‘Tis the season for weddings, so it looks like you’ll get to see what the price of a new full size pickup gets you in the way of nuptial revelry. Call us a cynic but the Idler has the sneaking suspicion that these statistics are published in order to guilt the guests into ponying up in the wedding gift department. I mean, if you do the math and come up with an average outlay of, like, $200 per guest, it might occur to you that you’re coming in a little light with your toaster oven, even if it is the deluxe model with convection something or other. But then later, when you discover that the bar is “cash” rather than “open” you might start to think that a nice four slice toaster would have been enough. This is further proof that the open bar is a good investment and might even lead to the occasional guilty but mellow guest tossing a last minute benjamin into the envelope with the card.
So open bar all the way. Now that that’s settled, it’s important to get some of these expenses under control, and to that end the Idler would like to share some cost-cutting tips with you prospective brides and grooms out there. Okay, just the brides since, given the typical groom’s role in wedding planning, he is best considered furniture.
First, you don’t want to blow half your budget on the hall. Tell the man of your dreams to sign on with a volunteer fire company, many of which have perfectly serviceable reception facilities. Moreover, should some of your new in-laws become rambunctious, there will be plenty of security personnel in the vicinity to hose down or otherwise restrain the offending party or parties.
Next, what should you offer in terms of entertainment? This usually comes down to live music versus a DJ. The Idler looks at it this way: even if your choice is a terrific cover band for your all time favorites, the Ramones, there will be a certain number of guests who don’t like the Ramones. Actually, hardly anyone likes the Ramones, so, wow, what the heck were you thinking hiring a band like that? But the point is, a DJ can play any type of music your loutish and unsophisticated guests request, and face it, you can’t have a wedding reception without at least one Hokey Pokey, a bird dance and then towards the end of the evening when everyone’s feeling, um, motivated, a rendition of “Shout!” So you’ll need a DJ anyway. Also, an alert DJ can report which guest has asked for “Free Bird” three times in a row, and you can instruct the hose company to separate him from his car keys, forcibly if necessary.
Finally, don’t exclude kids or grandparents. The former liven up the dance floor by sliding around in their stocking feet and the latter can tend to them once they’re tuckered out and their parents want to dance.It also gives the newlyweds a look at what the future holds although by that time it may be too late to do anything about it.
One more thing, be careful with the bridal dance song selection.
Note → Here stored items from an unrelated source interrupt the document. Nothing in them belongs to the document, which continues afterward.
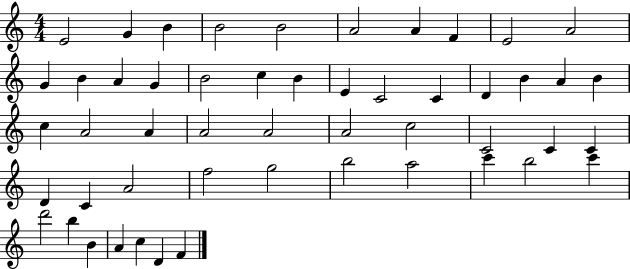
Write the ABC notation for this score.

X:1
T:Untitled
M:4/4
L:1/4
K:C
E2 G B B2 B2 A2 A F E2 A2 G B A G B2 c B E C2 C D B A B c A2 A A2 A2 A2 c2 C2 C C D C A2 f2 g2 b2 a2 c' b2 c' d'2 b B A c D F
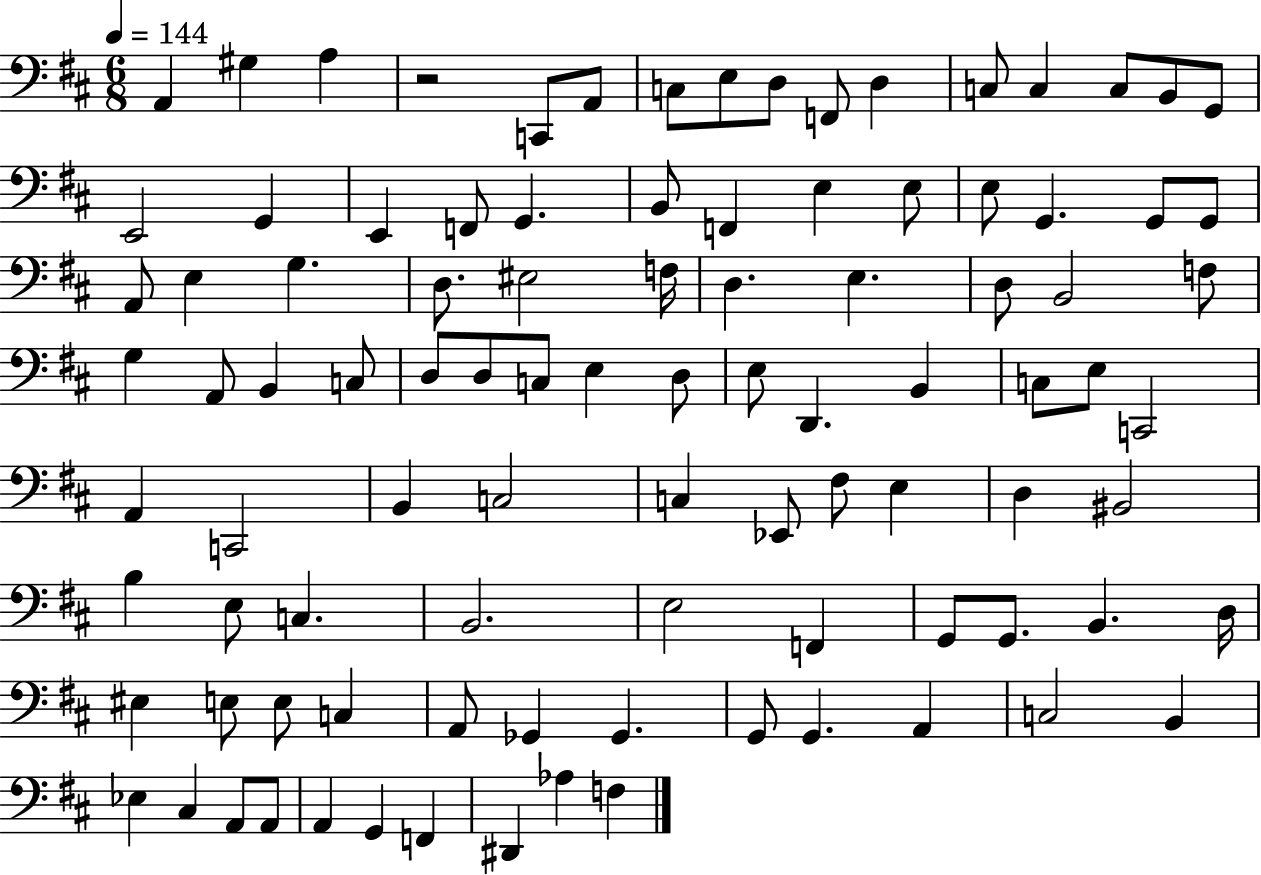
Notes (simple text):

A2/q G#3/q A3/q R/h C2/e A2/e C3/e E3/e D3/e F2/e D3/q C3/e C3/q C3/e B2/e G2/e E2/h G2/q E2/q F2/e G2/q. B2/e F2/q E3/q E3/e E3/e G2/q. G2/e G2/e A2/e E3/q G3/q. D3/e. EIS3/h F3/s D3/q. E3/q. D3/e B2/h F3/e G3/q A2/e B2/q C3/e D3/e D3/e C3/e E3/q D3/e E3/e D2/q. B2/q C3/e E3/e C2/h A2/q C2/h B2/q C3/h C3/q Eb2/e F#3/e E3/q D3/q BIS2/h B3/q E3/e C3/q. B2/h. E3/h F2/q G2/e G2/e. B2/q. D3/s EIS3/q E3/e E3/e C3/q A2/e Gb2/q Gb2/q. G2/e G2/q. A2/q C3/h B2/q Eb3/q C#3/q A2/e A2/e A2/q G2/q F2/q D#2/q Ab3/q F3/q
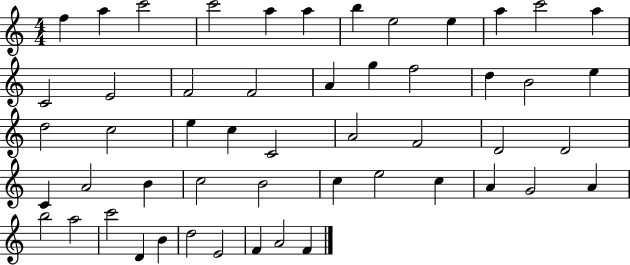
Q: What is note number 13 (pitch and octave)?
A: C4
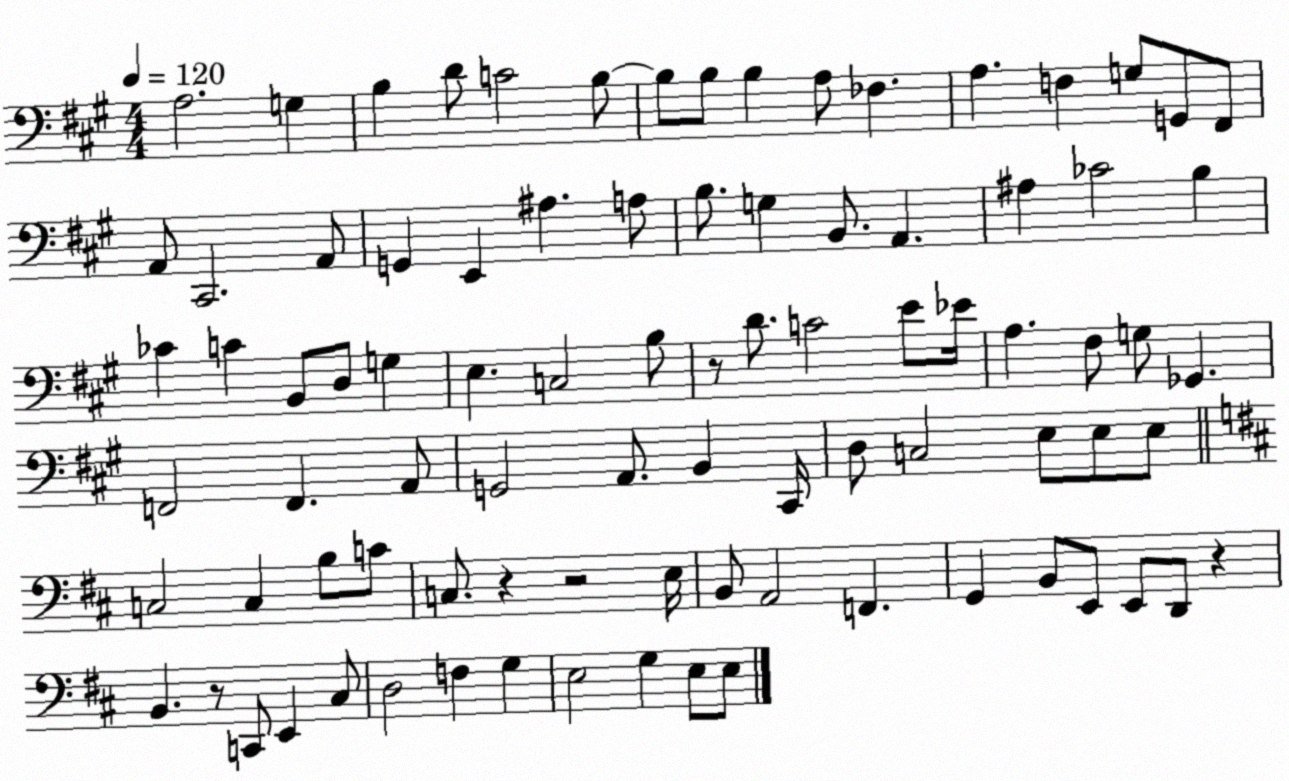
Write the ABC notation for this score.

X:1
T:Untitled
M:4/4
L:1/4
K:A
A,2 G, B, D/2 C2 B,/2 B,/2 B,/2 B, A,/2 _F, A, F, G,/2 G,,/2 ^F,,/2 A,,/2 ^C,,2 A,,/2 G,, E,, ^A, A,/2 B,/2 G, B,,/2 A,, ^A, _C2 B, _C C B,,/2 D,/2 G, E, C,2 B,/2 z/2 D/2 C2 E/2 _E/4 A, ^F,/2 G,/2 _G,, F,,2 F,, A,,/2 G,,2 A,,/2 B,, ^C,,/4 D,/2 C,2 E,/2 E,/2 E,/2 C,2 C, B,/2 C/2 C,/2 z z2 E,/4 B,,/2 A,,2 F,, G,, B,,/2 E,,/2 E,,/2 D,,/2 z B,, z/2 C,,/2 E,, ^C,/2 D,2 F, G, E,2 G, E,/2 E,/2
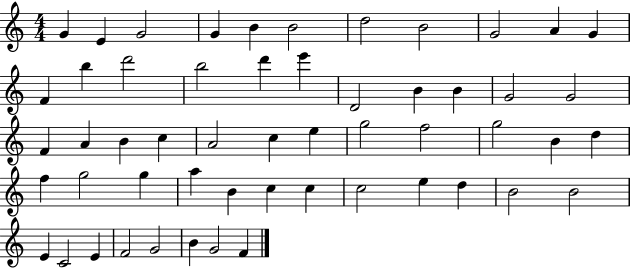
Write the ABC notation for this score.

X:1
T:Untitled
M:4/4
L:1/4
K:C
G E G2 G B B2 d2 B2 G2 A G F b d'2 b2 d' e' D2 B B G2 G2 F A B c A2 c e g2 f2 g2 B d f g2 g a B c c c2 e d B2 B2 E C2 E F2 G2 B G2 F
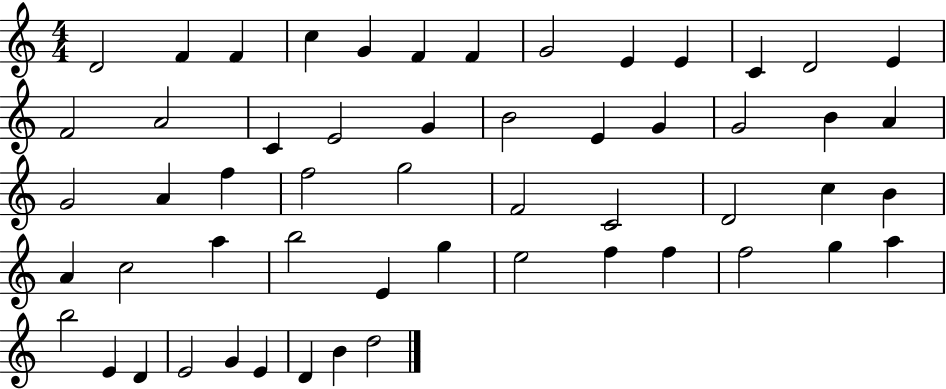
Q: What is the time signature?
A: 4/4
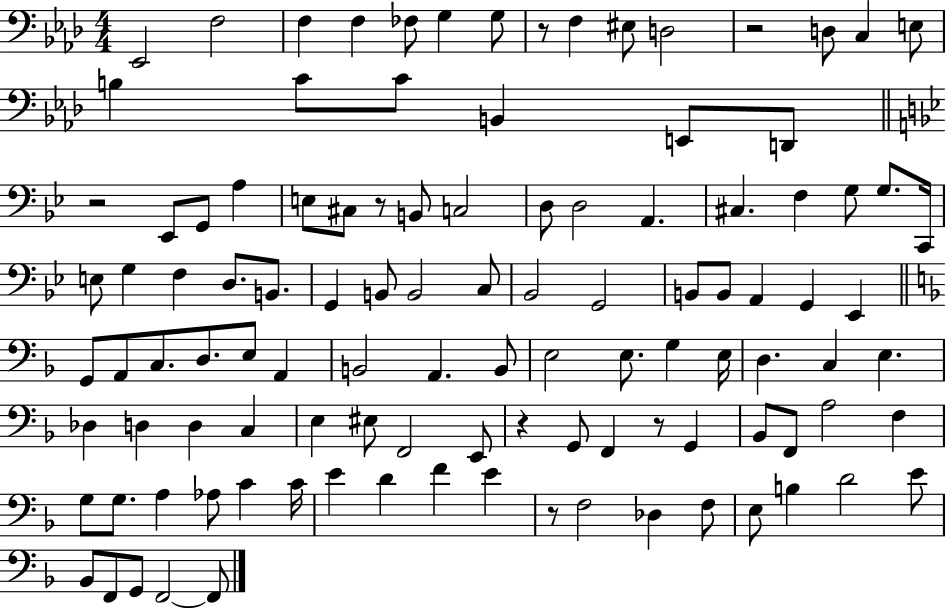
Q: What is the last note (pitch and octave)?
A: F2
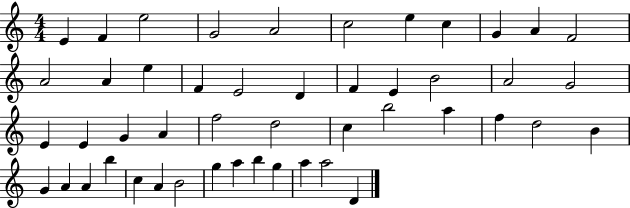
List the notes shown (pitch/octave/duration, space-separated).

E4/q F4/q E5/h G4/h A4/h C5/h E5/q C5/q G4/q A4/q F4/h A4/h A4/q E5/q F4/q E4/h D4/q F4/q E4/q B4/h A4/h G4/h E4/q E4/q G4/q A4/q F5/h D5/h C5/q B5/h A5/q F5/q D5/h B4/q G4/q A4/q A4/q B5/q C5/q A4/q B4/h G5/q A5/q B5/q G5/q A5/q A5/h D4/q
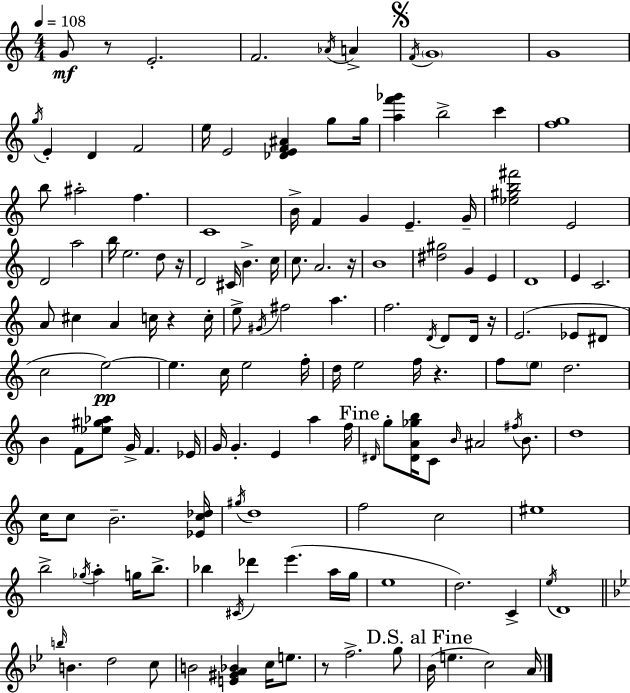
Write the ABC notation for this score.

X:1
T:Untitled
M:4/4
L:1/4
K:C
G/2 z/2 E2 F2 _A/4 A F/4 G4 G4 g/4 E D F2 e/4 E2 [_DEF^A] g/2 g/4 [af'_g'] b2 c' [fg]4 b/2 ^a2 f C4 B/4 F G E G/4 [_e^gb^f']2 E2 D2 a2 b/4 e2 d/2 z/4 D2 ^C/4 B c/4 c/2 A2 z/4 B4 [^d^g]2 G E D4 E C2 A/2 ^c A c/4 z c/4 e/2 ^G/4 ^f2 a f2 D/4 D/2 D/4 z/4 E2 _E/2 ^D/2 c2 e2 e c/4 e2 f/4 d/4 e2 f/4 z f/2 e/2 d2 B F/2 [_e^g_a]/2 G/4 F _E/4 G/4 G E a f/4 ^D/4 g/2 [^DA_gb]/4 C/2 B/4 ^A2 ^f/4 B/2 d4 c/4 c/2 B2 [_Ec_d]/4 ^g/4 d4 f2 c2 ^e4 b2 _g/4 a g/4 b/2 _b ^C/4 _d' e' a/4 g/4 e4 d2 C e/4 D4 b/4 B d2 c/2 B2 [E^GA_B] c/4 e/2 z/2 f2 g/2 _B/4 e c2 A/4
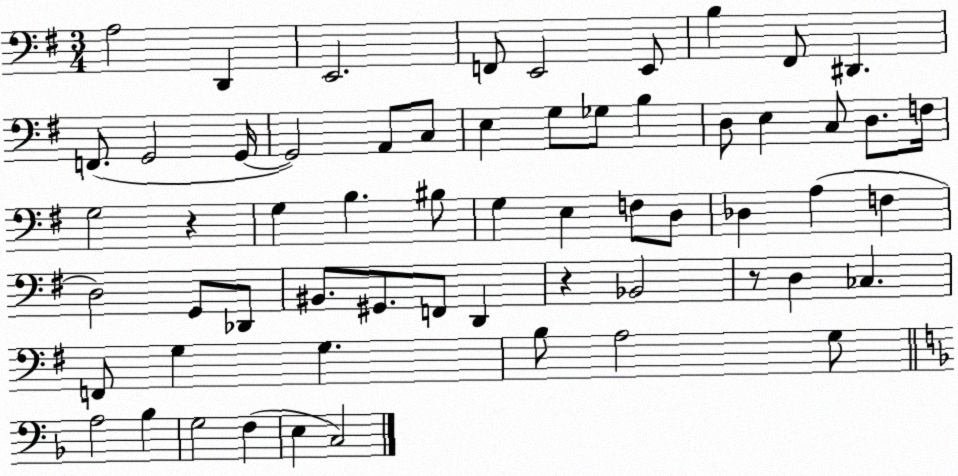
X:1
T:Untitled
M:3/4
L:1/4
K:G
A,2 D,, E,,2 F,,/2 E,,2 E,,/2 B, ^F,,/2 ^D,, F,,/2 G,,2 G,,/4 G,,2 A,,/2 C,/2 E, G,/2 _G,/2 B, D,/2 E, C,/2 D,/2 F,/4 G,2 z G, B, ^B,/2 G, E, F,/2 D,/2 _D, A, F, D,2 G,,/2 _D,,/2 ^B,,/2 ^G,,/2 F,,/2 D,, z _B,,2 z/2 D, _C, F,,/2 G, G, B,/2 A,2 G,/2 A,2 _B, G,2 F, E, C,2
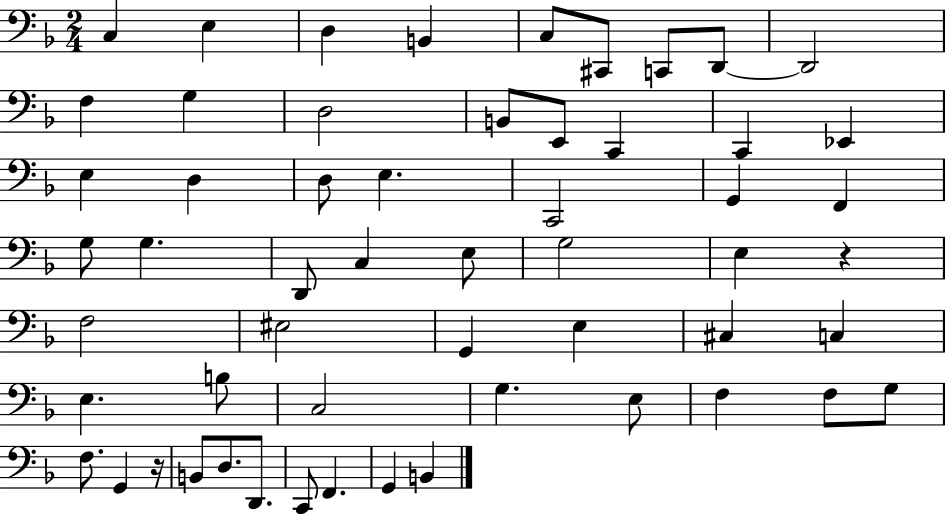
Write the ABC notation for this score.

X:1
T:Untitled
M:2/4
L:1/4
K:F
C, E, D, B,, C,/2 ^C,,/2 C,,/2 D,,/2 D,,2 F, G, D,2 B,,/2 E,,/2 C,, C,, _E,, E, D, D,/2 E, C,,2 G,, F,, G,/2 G, D,,/2 C, E,/2 G,2 E, z F,2 ^E,2 G,, E, ^C, C, E, B,/2 C,2 G, E,/2 F, F,/2 G,/2 F,/2 G,, z/4 B,,/2 D,/2 D,,/2 C,,/2 F,, G,, B,,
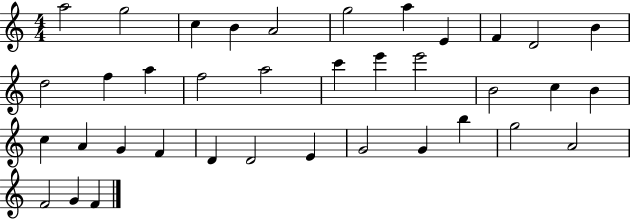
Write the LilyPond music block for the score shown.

{
  \clef treble
  \numericTimeSignature
  \time 4/4
  \key c \major
  a''2 g''2 | c''4 b'4 a'2 | g''2 a''4 e'4 | f'4 d'2 b'4 | \break d''2 f''4 a''4 | f''2 a''2 | c'''4 e'''4 e'''2 | b'2 c''4 b'4 | \break c''4 a'4 g'4 f'4 | d'4 d'2 e'4 | g'2 g'4 b''4 | g''2 a'2 | \break f'2 g'4 f'4 | \bar "|."
}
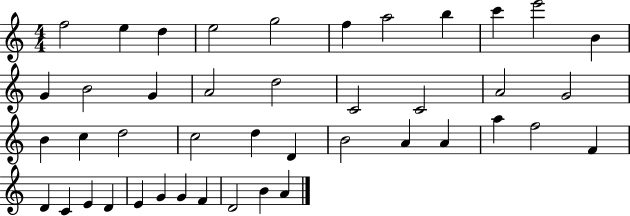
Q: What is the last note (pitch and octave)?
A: A4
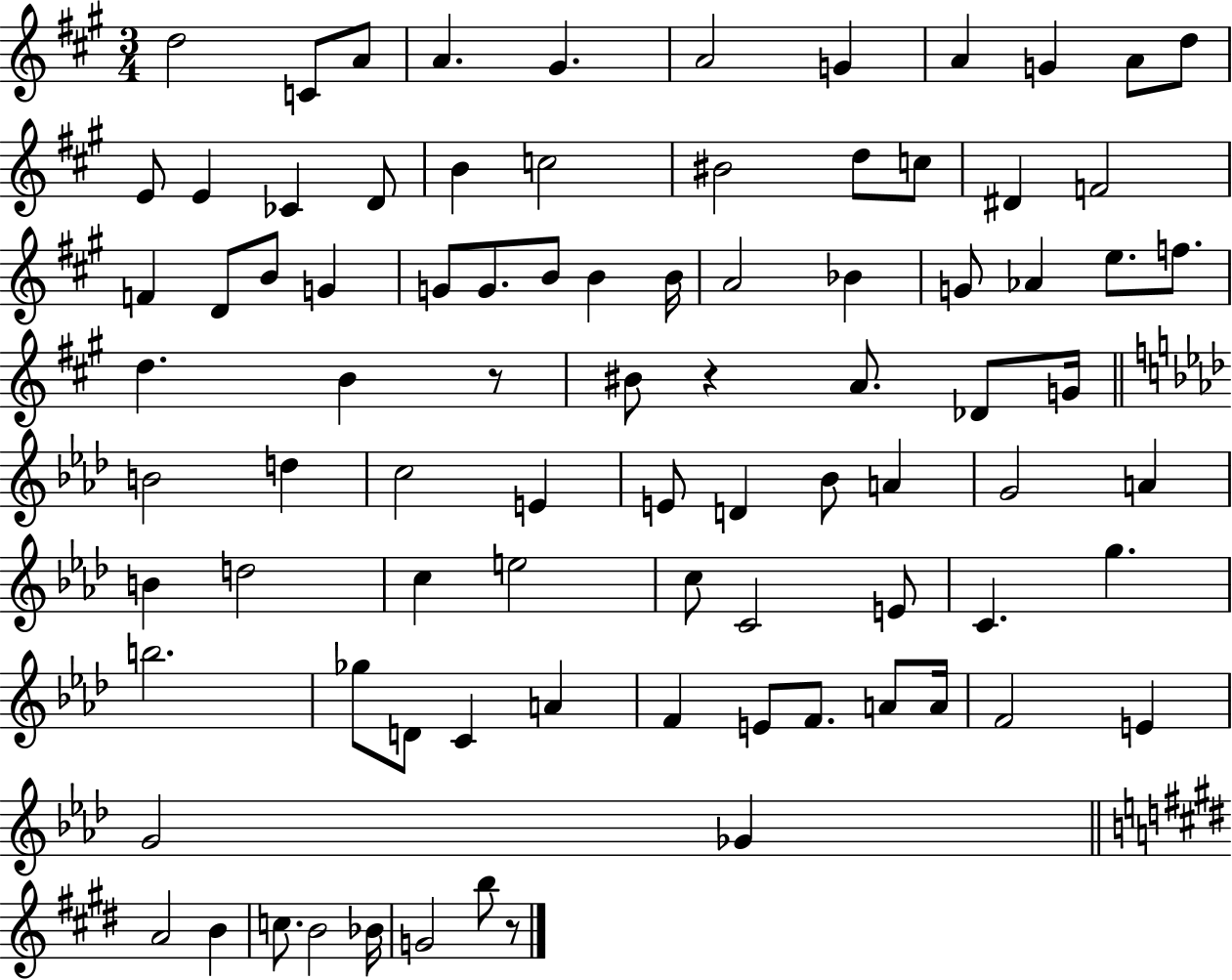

Even if your names are Frankie and Johnny, remember that it is a song about a woman who shoots and kills her paramour. Likewise, “Wasted Days and Wasted Nights” and “You Can’t Hide Your Lying Eyes” might tend to give the wrong impression. Now take the thousands you’ve saved and go on a really great honeymoon. You might want to send a postcard of thanks to Idler Wedding Planning Services, Inc. c/o this newspaper.